• **YOUR GOAL**: Give again, word for word, the lines below that run from the line with "Bayerisches Bauministerium: Leistungsbeschreibung" through the line with "武汉欠条诉讼费怎么算？有哪些省钱技巧？". Drop the pictures.

• **PROVIDED ENTRIES**:

== Segment start ==

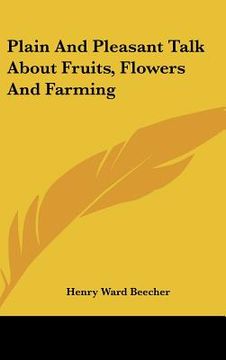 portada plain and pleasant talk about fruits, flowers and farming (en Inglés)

== Segment end ==
== Segment start ==

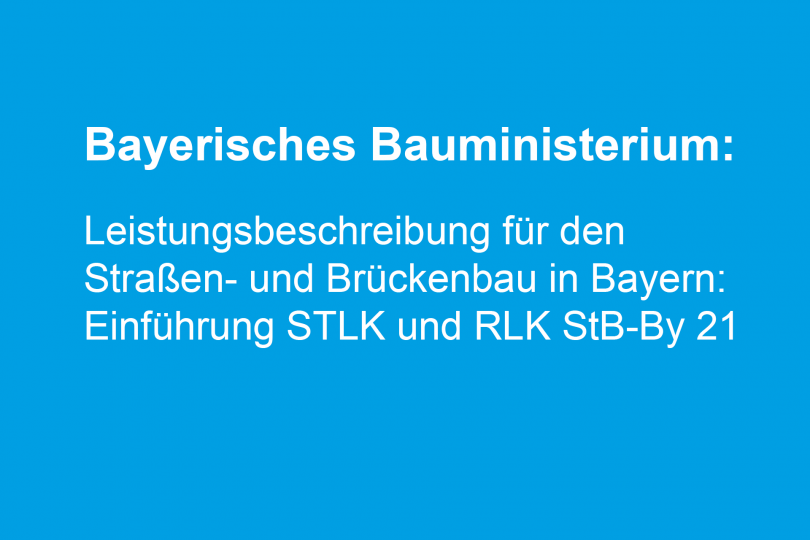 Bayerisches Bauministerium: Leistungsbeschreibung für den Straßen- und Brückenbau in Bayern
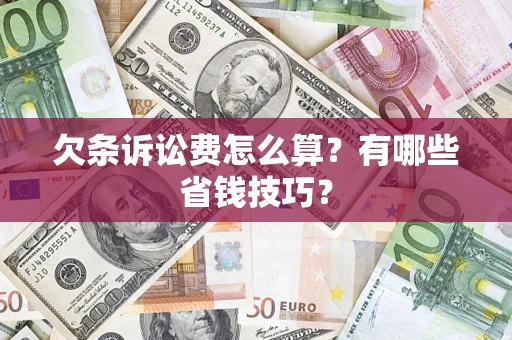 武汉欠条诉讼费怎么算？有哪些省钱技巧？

== Segment end ==

• **TASK ANSWER**:
 Bayerisches Bauministerium: Leistungsbeschreibung für den Straßen- und Brückenbau in Bayern
 武汉欠条诉讼费怎么算？有哪些省钱技巧？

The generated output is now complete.